Indian Space Research Organisation (ISRO) is developing a Radioisotope Thermoelectric Generator (RTG) to embark on a monumental journey of exploring remote and challenging environments of the deep space universe.
ISRO’s leading centre for the design and development of all satellites, UR Rao Satellite Centre (URSC) is in process of making a three-phased 100 Watt Radioisotope Thermoelectric Generator (RTG). The centre envisions the use of RTG technology for power generation and thermal management of ISRO’s deep space missions.

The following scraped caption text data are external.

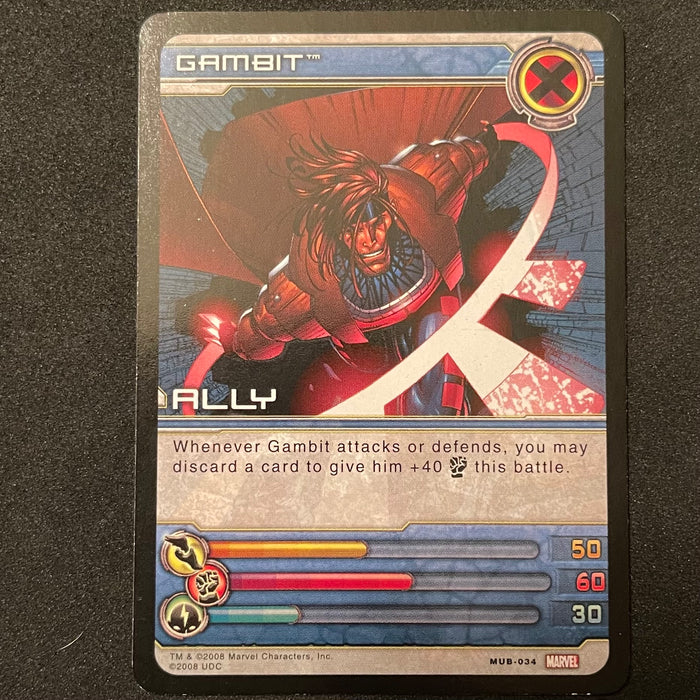 Marvel Ultimate Battles 2008 - MUB-034 - Gambit Vintage Trading Card Singles Upper Deck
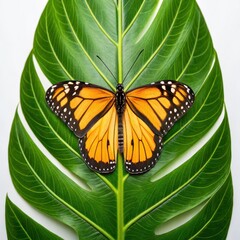 Colorful butterfly resting on a large green leaf.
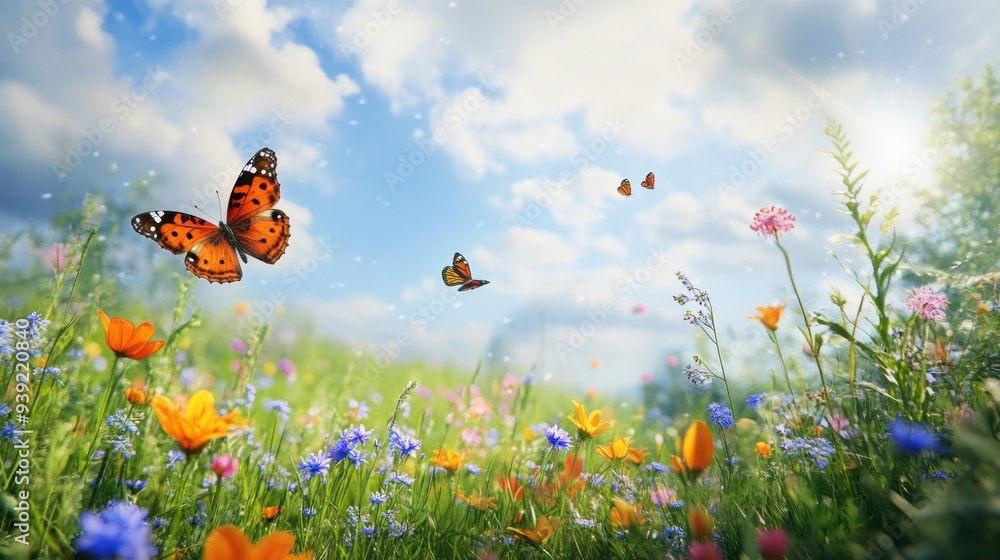 Butterflies in a Blooming Meadow Butterflies in a Blooming Meadow
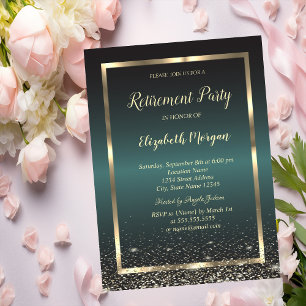 Elegant Gold Frame Confetti Dark Green Retirement  Invitation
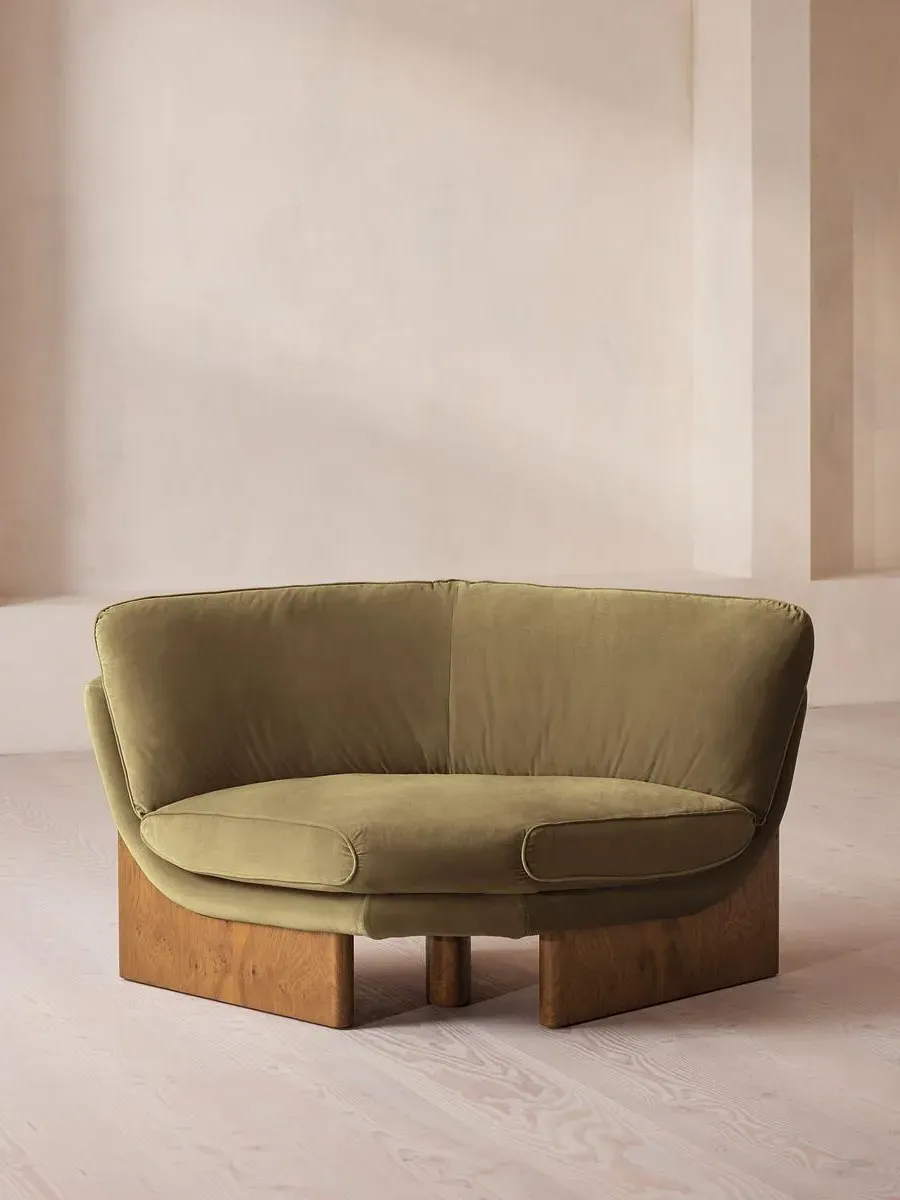 Corner Chair with Cushions - Lichen, Velvet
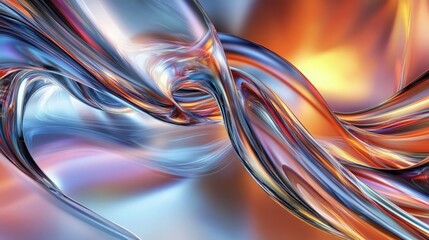 Wall Mural - An abstract background with flowing glass color trails.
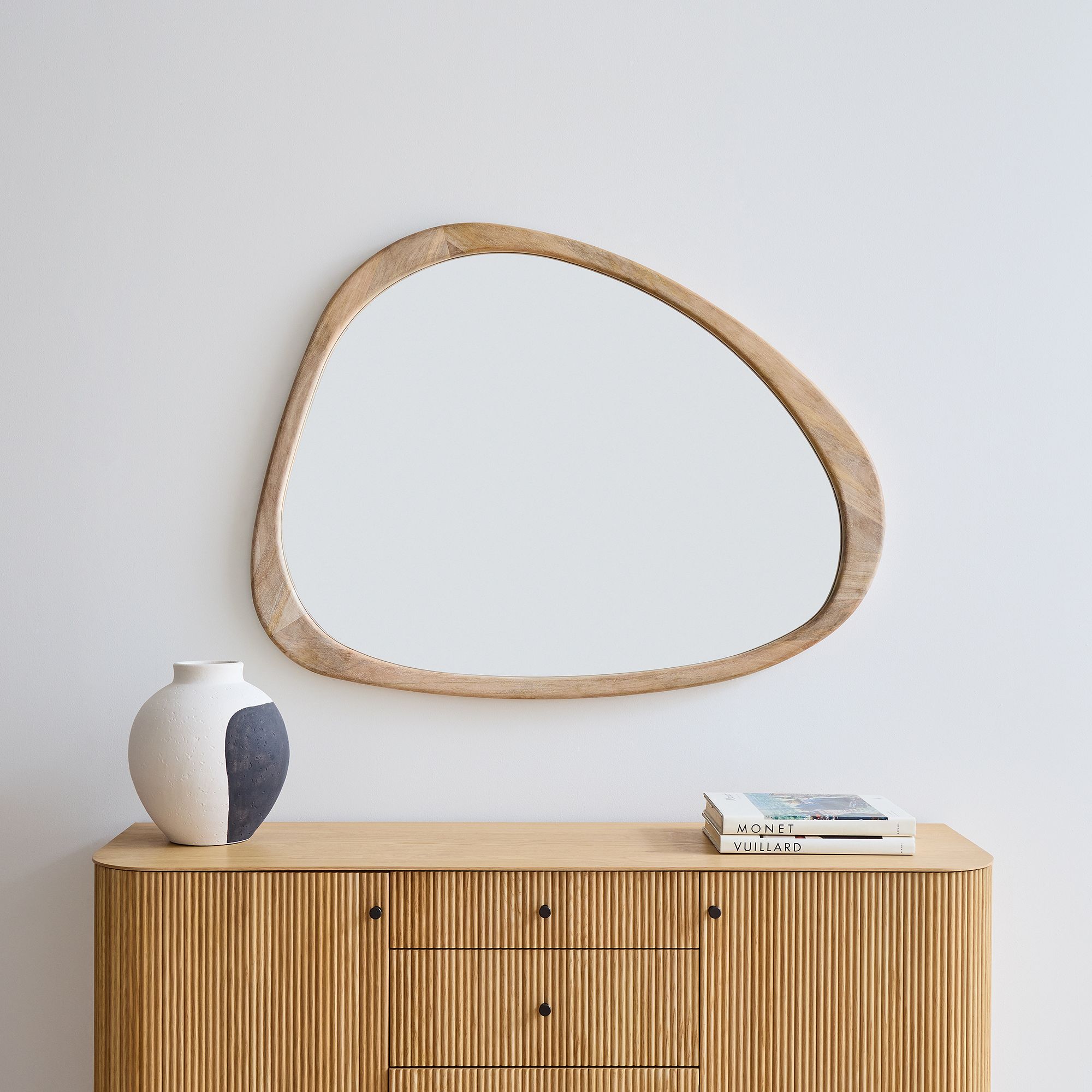 Mid-Century Asymmetrical Wood Wall Mirror | West Elm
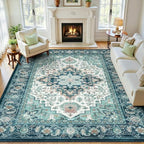 Lofus 8x10 Area Rugs for Living Room, Soft Boho Carpet Floral Green Beige by Lofus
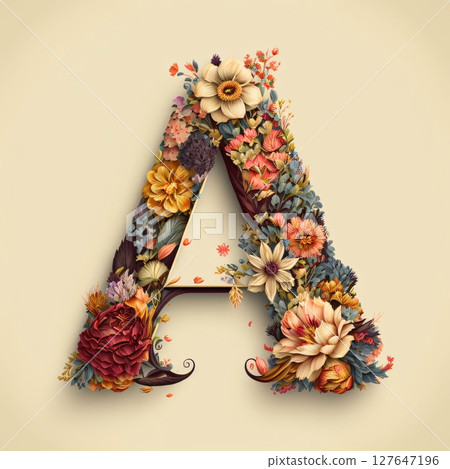 Floral capital letter A. Floral font made of flowers and leaves. Floral capital letter A. Floral font made of flowers and leaves. 127647196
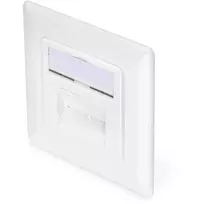 Digitus DN-9007-1 CAT 6A Class EA tinklo lizdas, 2x RJ45, ekranuotas, įleidžiamas, baltas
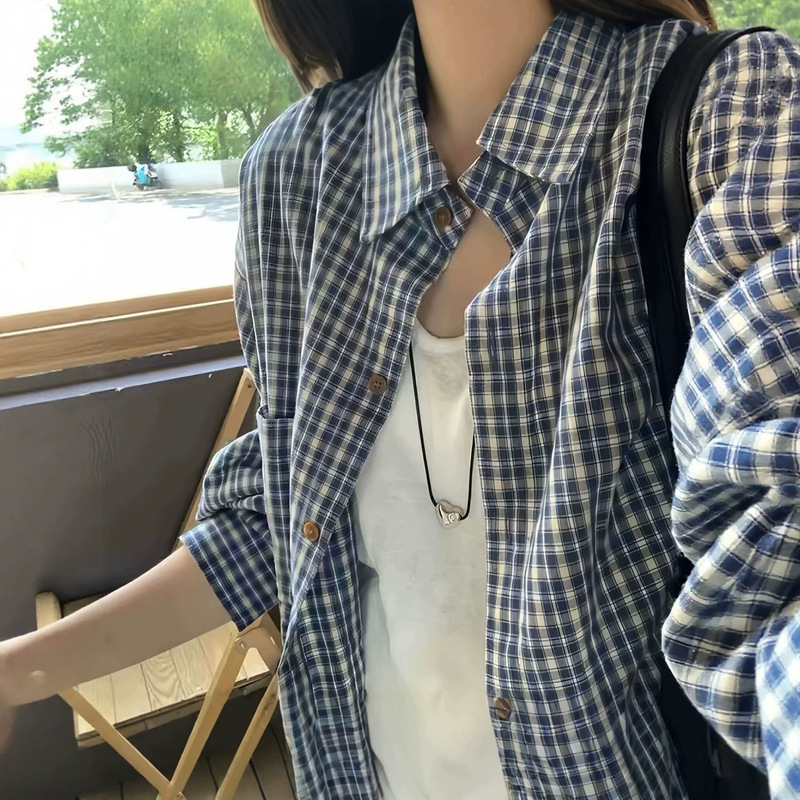 Retro Loose Casual Plaid Shirt for Women, Spring and Autumn Thin Korean Style Simple Long Sleeve Commuting Blouse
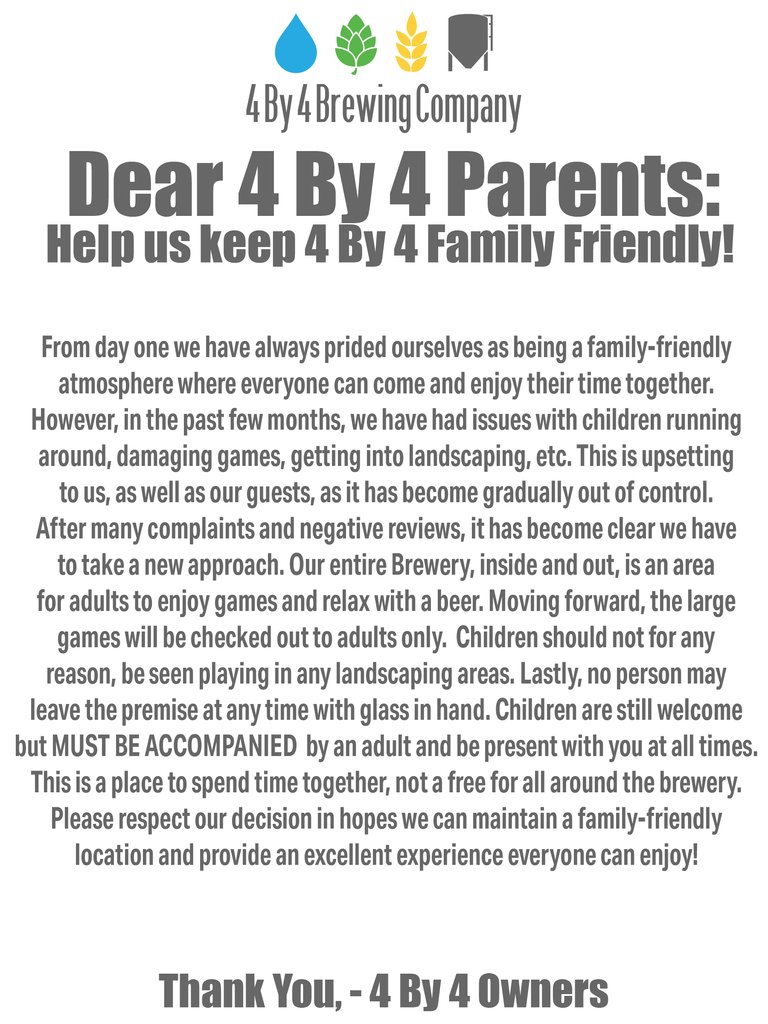 Please help us keep 4 By 4 Brewing Company - Fremont Hills Family Friendly!!

Thank you,
4 By 4 Owners & Staff

#supportlocal #familyfriendly #nixamo #ozarkmo #4by4brewingco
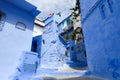 Old blue painted street in city of Chefchaouen,Morocco Royalty Free Stock Photo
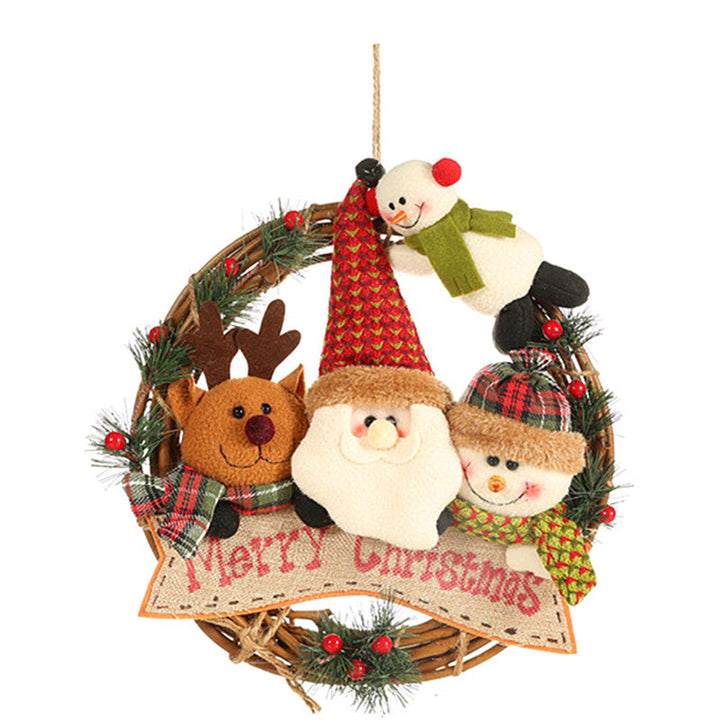 Weihnachtlicher Türkranz aus Rattan mit Figuren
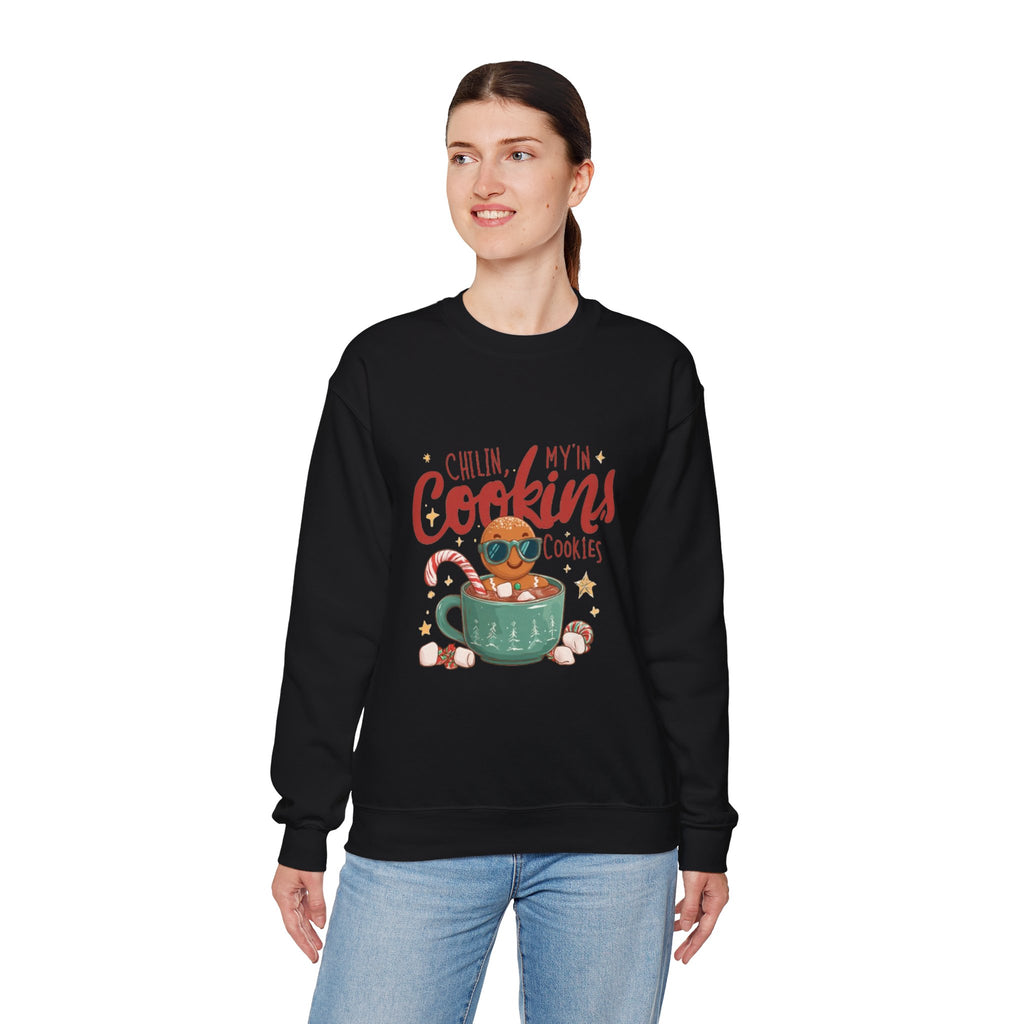 Crewneck Sweatshirt — "Chillin', My N' Cookins' Cookies" Cute Gingerbread Cup Holiday Pullover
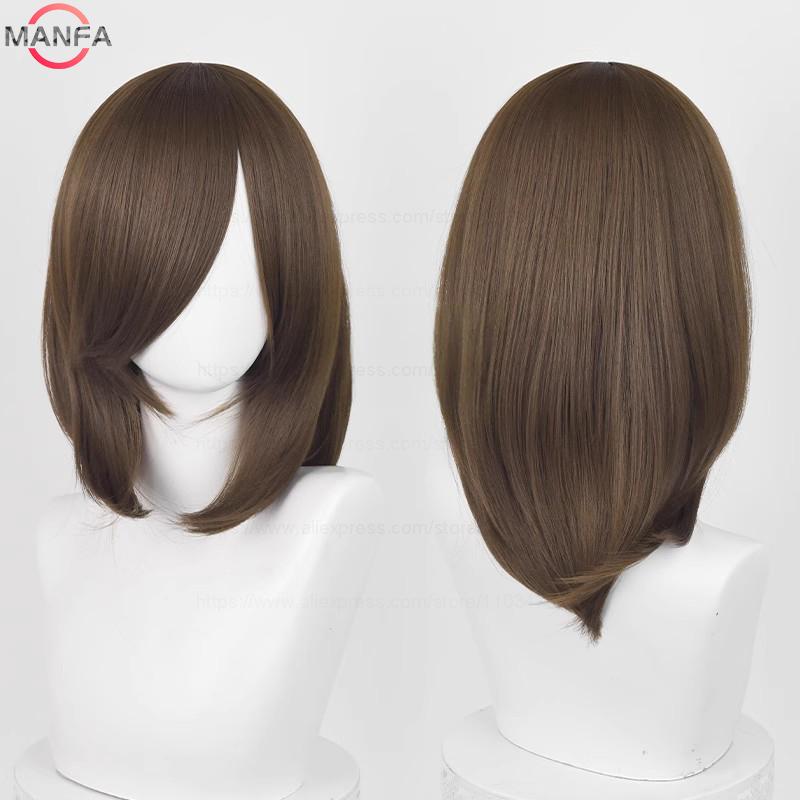 40cm Medium Basic Anime Cosplay Wig Bang Blond  Black White Red Pink Green Brown Gold Blue Heat Resistant Synthetic Hair Wigs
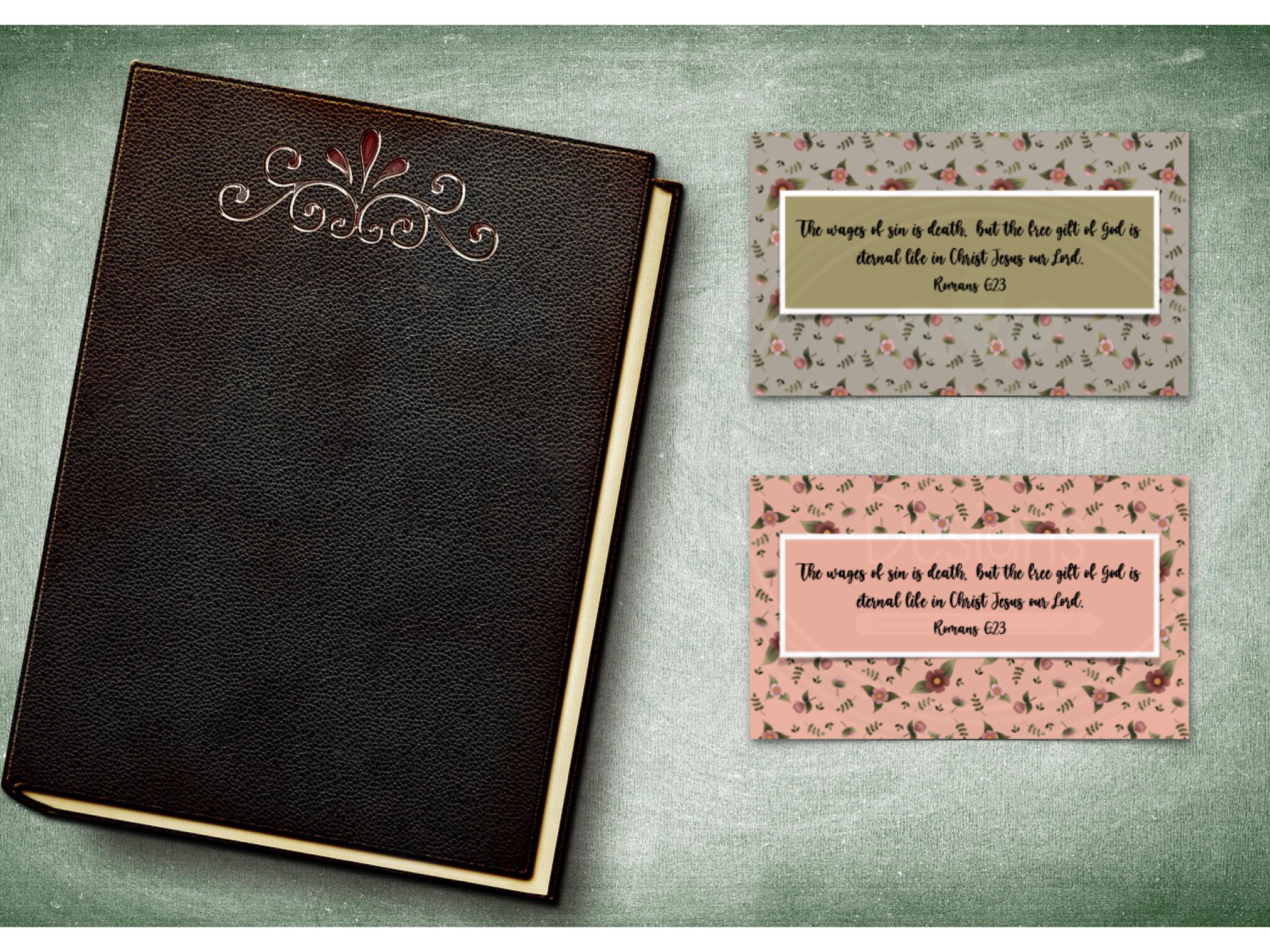 10 Bible Verse, Memory Cards, Salvation Verses, Floral Pattern, Green ...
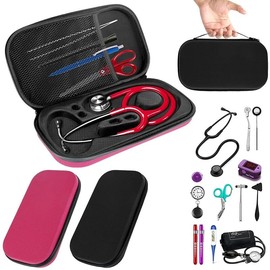 ESTUCHELANDIA Generic Estuche Rigido de viaje para Estetoscopio Classic 3 Rosa, compatible con Littmann, Omron, apto para estudiantes, medicos, veteri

Further, Isro plans to set up a space station, along with various missions in the pipeline such as the first Indian human space flight mission, Gaganyaan; the first Indian solar observatory, Aditya L-1; the second Indian space telescope XPoSat; Mangalyaan-2 to Mars; Chandrayaan-3 as a reattempt to land on the Moon; and the Venus orbiter mission Shukrayaan. The RTG technology will come in handy in these deep space missions.
What is Radioisotope Thermo-electric Generator (RTG)
Radioisotope Thermoelectric Generator (RTG) is a type of nuclear-powered battery that uses an array of thermocouples to convert the heat released by the decay of suitable radioactive material into electricity. The generators are governed by the “Seeback effect” and it generally has no movable parts. Seebeck effect is a phenomenon in which a temperature difference between two dissimilar electrical conductors or semiconductors produces an electromotive force (electricity). RTGs are highly reliable and maintenance-free because there are no moving parts in thermocouples, which reduces the chances of failure and wear out.
Understanding the imperativeness of RTG
To understand the working of RTG, let us know the working of a normal satellite first. The normal satellites are sent to space in various stages. In the initial stage, the satellite takes off with the strap on boosters followed by loosening of the boosters by the satellite in the second stage. In Indian satellites “Vikas Liquid Engine” is used in the second stage. The third stage is reached after detaching the second stage and finally, the satellite reaches into space. This is the modus operandi of a normal satellite.
In normal satellites, the use of heavy carriers for energy generation makes the satellites bulky, RTG systems, on the other hand, use thermocouples and natural decay of radioactive isotopes into electrical energy, which makes it less bulky. The RTG systems are more fuel-efficient than normal satellite systems as they are lighter than chemical rockets and thus, they can travel faster and further.
Notably, since RTGs do not work on solar power, they provide thrust to the satellite to function on the darker sides of the planets.
The genesis of RTG
RTGs’ journey can be traced to the time of Cold War in 1961, when the USA’s Transit-4A Mission used this technology for the first. The erstwhile Soviet Union had also launched the two dozen nuclear power space objects. However, budget constraints, the development of alternative sources of energy, and the possibility of escalation of the Cold War led to the curtailment of nuclear propulsion projects.